Stored data entries
────────────────
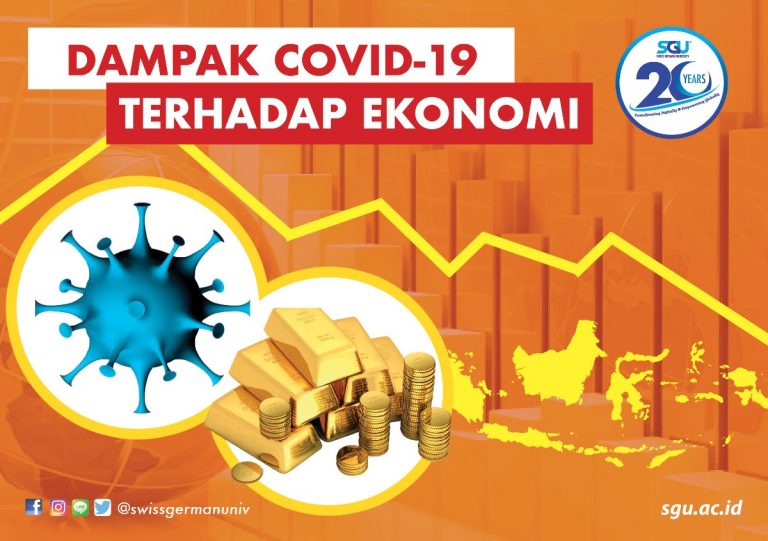 Dampak dan Peluang Bisnis dari Covid-19 bagi Sektor Industri di Indonesia.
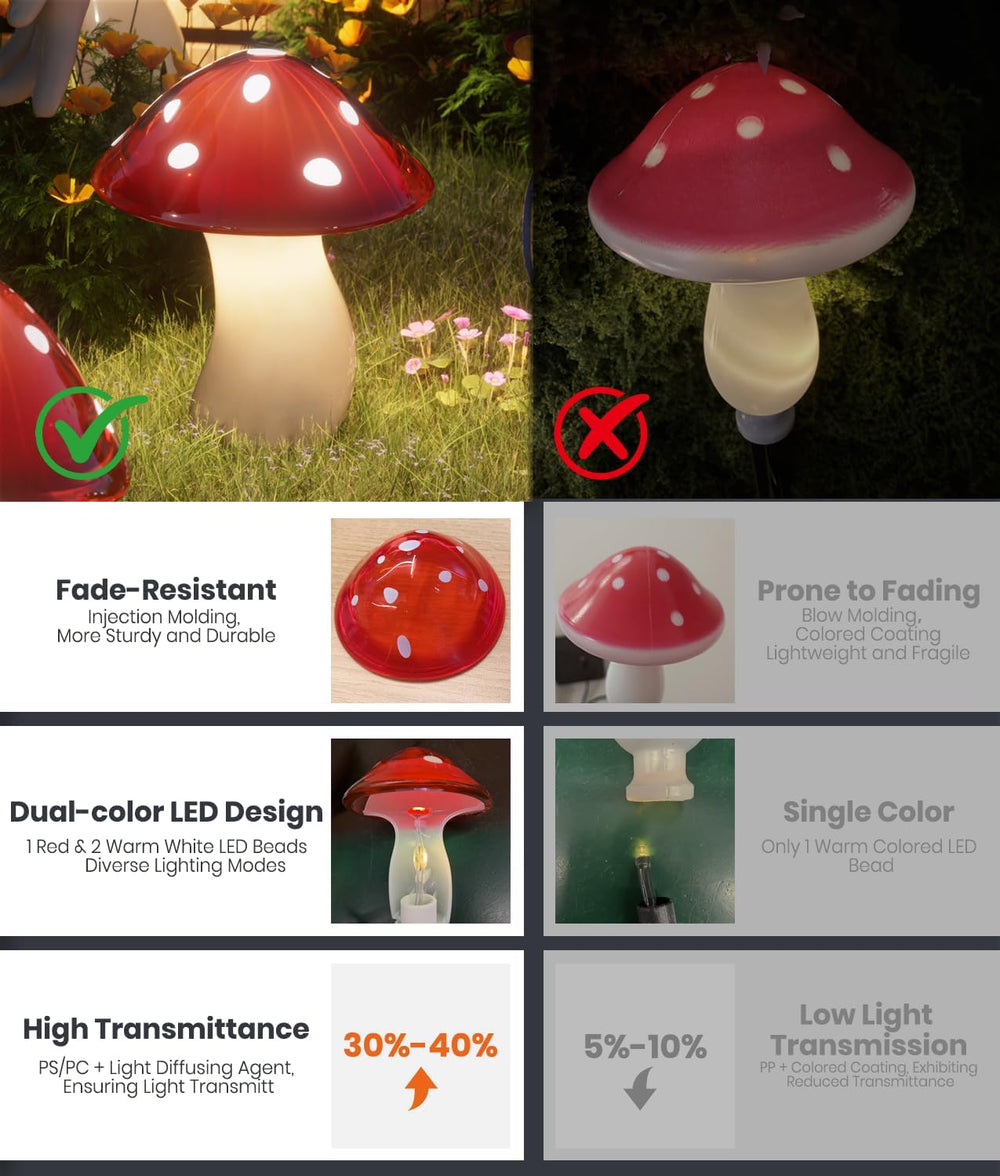 Solar Mushroom Lights Outdoor 9 Pack, Garden Outdoor Decor, 8 Lighting Modes,...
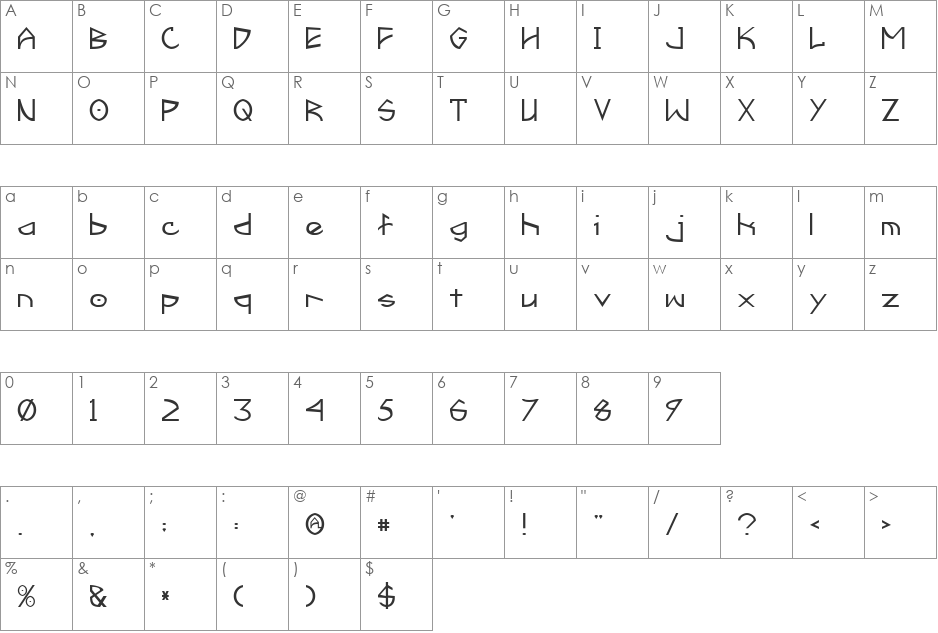 Predacon Beasts font character map preview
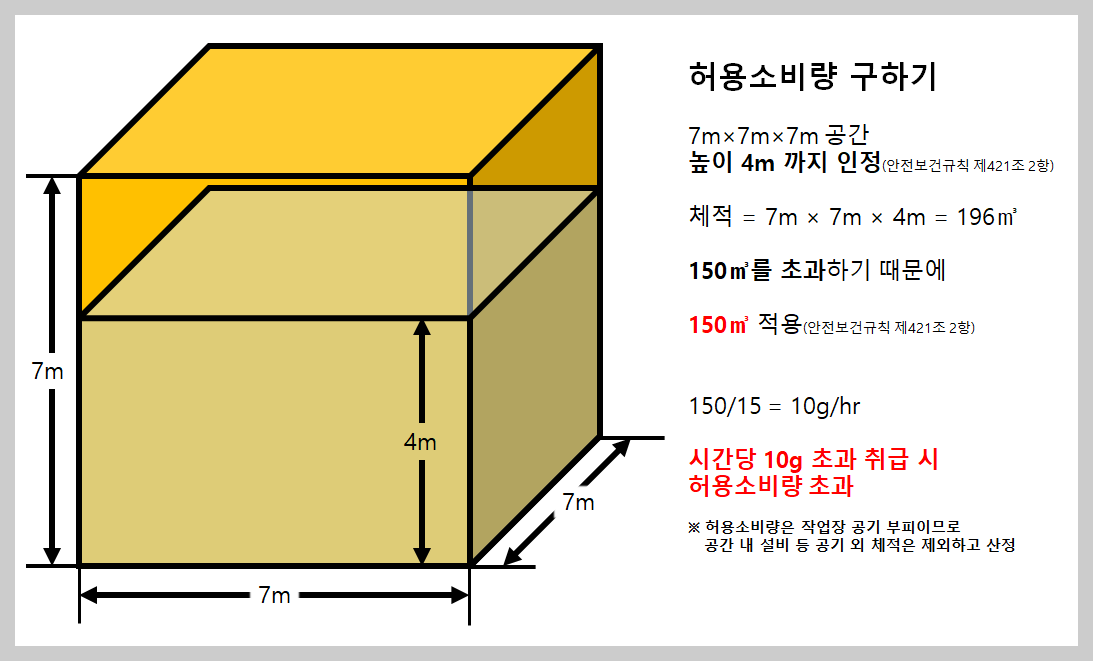 허용소비량 계산 예시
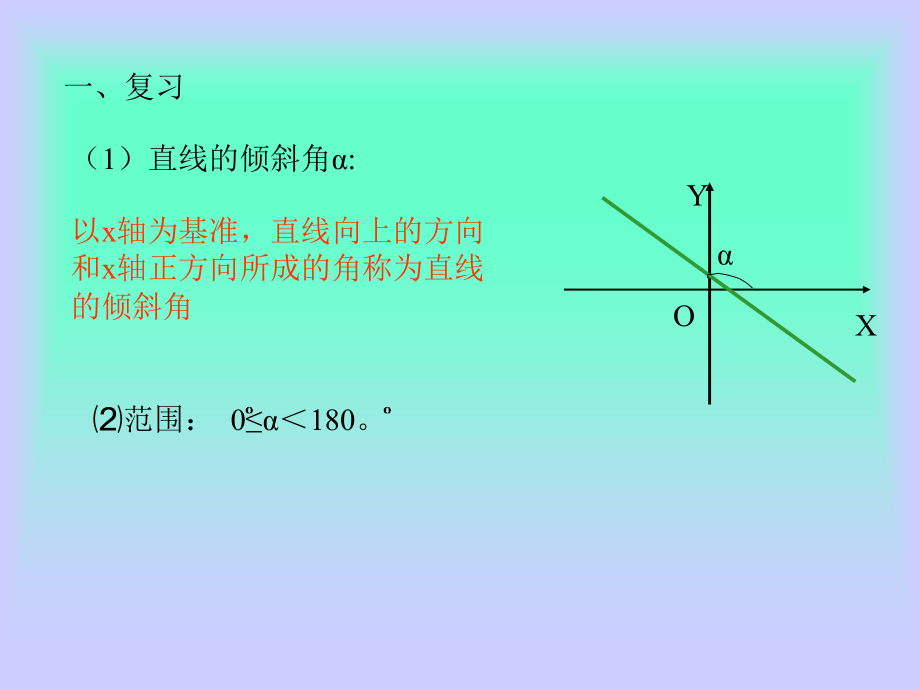 直线的倾斜角与斜率第一课时课件修改后.ppt_第2页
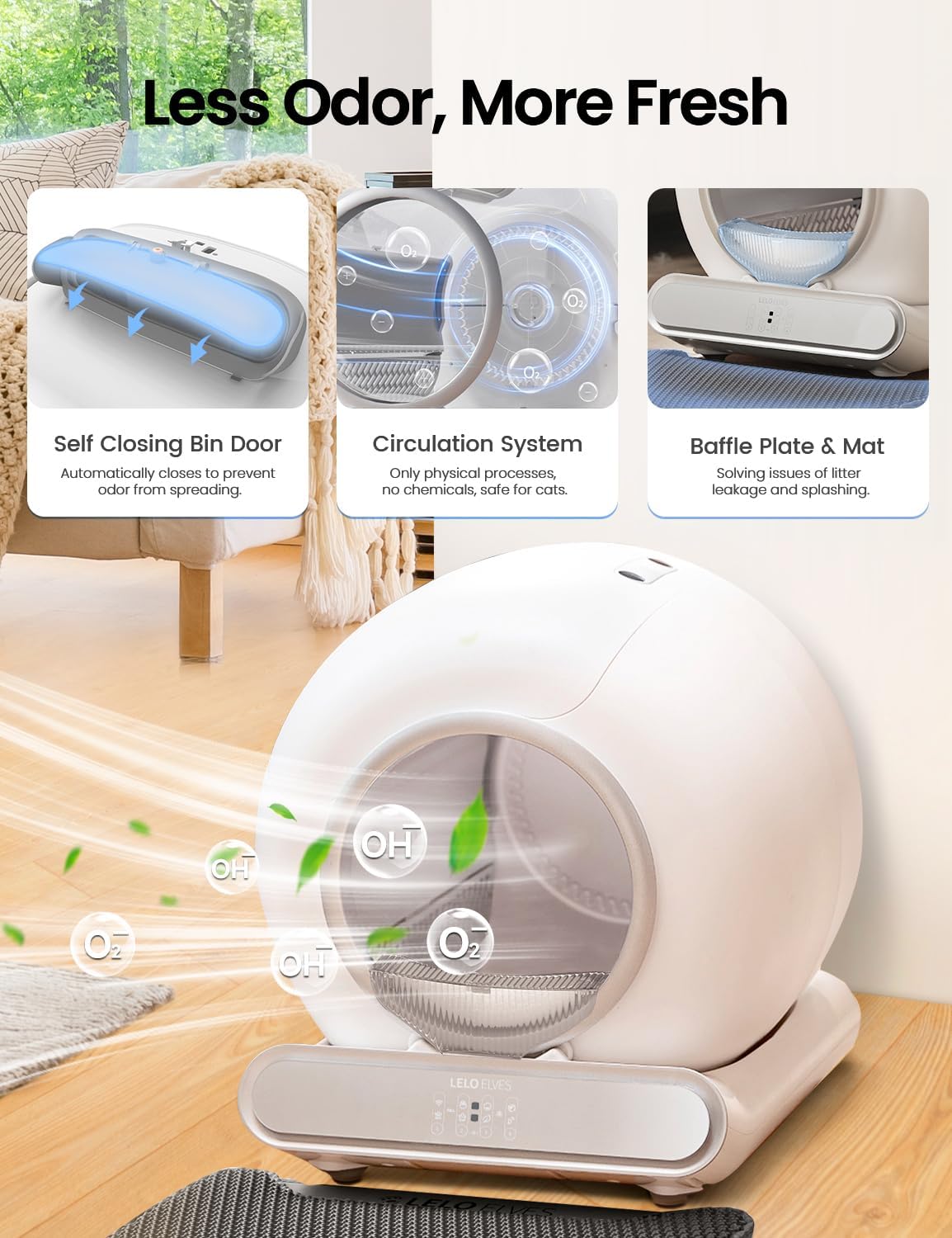 PetFresh360 Self-Cleaning Cat Litter Box - Details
────────────────
*BRIEF*: Exactly the lines from the one holding "直线的倾斜角与斜率第一课时课件修改后.ppt_第2页" through the last line of the entries, both included, are to be duplicated; leave the pictures out.

*SOLUTION FOR THIS PROBLEM*:
 直线的倾斜角与斜率第一课时课件修改后.ppt_第2页
 PetFresh360 Self-Cleaning Cat Litter Box - Details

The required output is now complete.